Guardian diagram of Cambiasso goal - click for large version

This emphasis on unpredictable, interpreted creativity being performed within formal systems actually suggests interesting parallels to me, reminiscent of those discussed in my recent 'Architecture and interaction design' summary. I talked of 'the social process of design'; of the interaction between a system of space, articulated by designers or architects, which is then interpreted and adapted by users with individual creativity and agency.

Progressing this, at my Aula 2006 talk last week, I described a further parallel -  that of examining composers of contemporary music, such as John Cage et al, as they might provide useful metaphors for thinking about participative media – given the interplay between composed and vernacular, chance, improvisation and interpretation. Little is deterministic – only a trajectory towards a goal or scenario, articulated via a score, which can be interpreted during performance.

Actually, to pause on mapping systems of possibilities, I also discussed the idea of co-opting such graphical notation or scores from music, with respect to my 'Lost' article. Now look at the potential similarity between The Guardian's daily infographics describing the narrative of games and goals (annoyingly not online). A graphical score developed for football may be an appropriate way of describing coordinated movement through time and space. I don't know of any developed to this end (anybody know what the pre-eminent information system in football, ProZone, uses for this?). I imagine it could also be similar to the notation of dance collected and discussed by Tufte.

Dance notation, collected by Edward Tufte

Artist Jeroen Henneman's sketch of a Dennis Bergkamp passLeaving aside the possible use of scores as design tools, look at the relationship between these ways of thinking about music and design – systems which cannot be perfectly engineered, but instead provide suggestions, interpreted and performed. This turns out to also have some parallels, however tenuous, with a certain kind of thinking about football. In David Winner's superb book 'Brilliant Orange: The Neurotic Genius of Dutch Football', we find many of these concepts carefully harmonised around the football intellectual's favourite ever thing: the 'Total Football' concept of the early '70s Dutch national team and Amsterdam-based Ajax (in which highly-drilled players freely switched positions during a game and improvised attacks from every angle. Interestingly, the Argentina goal described above was finished off by a defensive midfielder.) Winner describes how a previously unwritten yet tangible unified theory of 'a Dutch sense of space' influenced this approach to football, drawn from the Netherlands' modern history of architecture, design, art, planning and politics. (The image above left is artist Jeroen Henneman's sketch of a Dennis Bergkamp pass, taken from Winner's book and captioned "One moment the pitch is crowded and narrow. Suddenly it is huge and wide".)

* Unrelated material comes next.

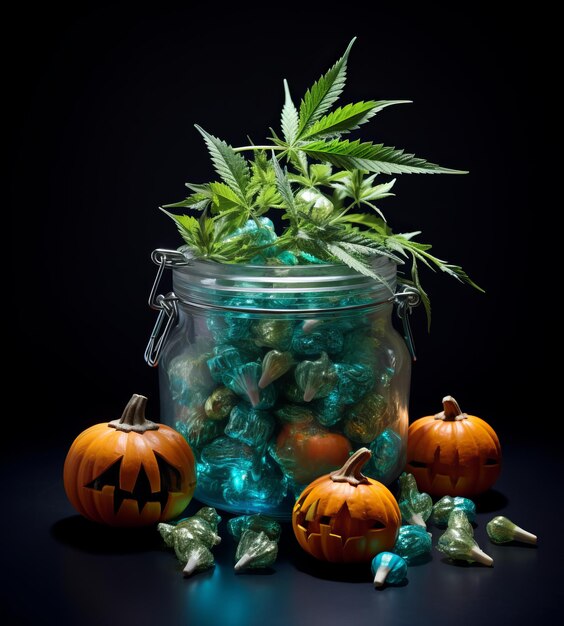 Photo des citrouilles et des bonbons d'halloween à la marihuana une fusion capricieuse de pinces à papier vert clair et clair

Daringly tracing a line between the work of Rinus Michels and Johann Cruyff at Ajax, the Amsterdam school – a 'Total City' approach, based around the ideas of architects Michel de Klerk and H. P. Berlage – the mid-60s Provo movement, Wim Crouwel's Total Design studio, numerous artists and photographers, and the topography and environment of the Netherlands itself, Winner describes how Dutch football's pervasive and serious discussion of space and systems is an entirely predictable product of its culture.

"All systems should be familarised, one with the other, in such a way that their combined impact and interaction can be appreciated as a single complex system,' said key structuralist Aldo van Eyck, talking about modern cities but sounding uncannily as though he might be laying down a template for the Ajax football system. Herman Hertzberger, the last of the great structuralists still living, says of the need for flexible buildings, 'Each form must be interpretable in the sense that it must be capable of taking on different roles. And it can only take on those different roles if the different meanings are contained in the essence of the form' … It was not until 1974 that the word totaalvoetbal entered the Dutch language, used as it was to describe the Ajax-style football played by Holland's national team in that year's World Cup. Also in that year J.P. Bakema, colleague of Herzberger and Van Eyck in the influential Team 10 and Forum magazine, passionately advocated a 'Total' approach: 'Total Urbanisation' and 'Total Environment' and 'Total Energy'. A man has three life questions: What am I? Who am I? Where am I? In this period of Total use of earch and space, balance between use and care can only be given by Total Architecture.'" ['Brilliant Orange', David Winner, pp30-31]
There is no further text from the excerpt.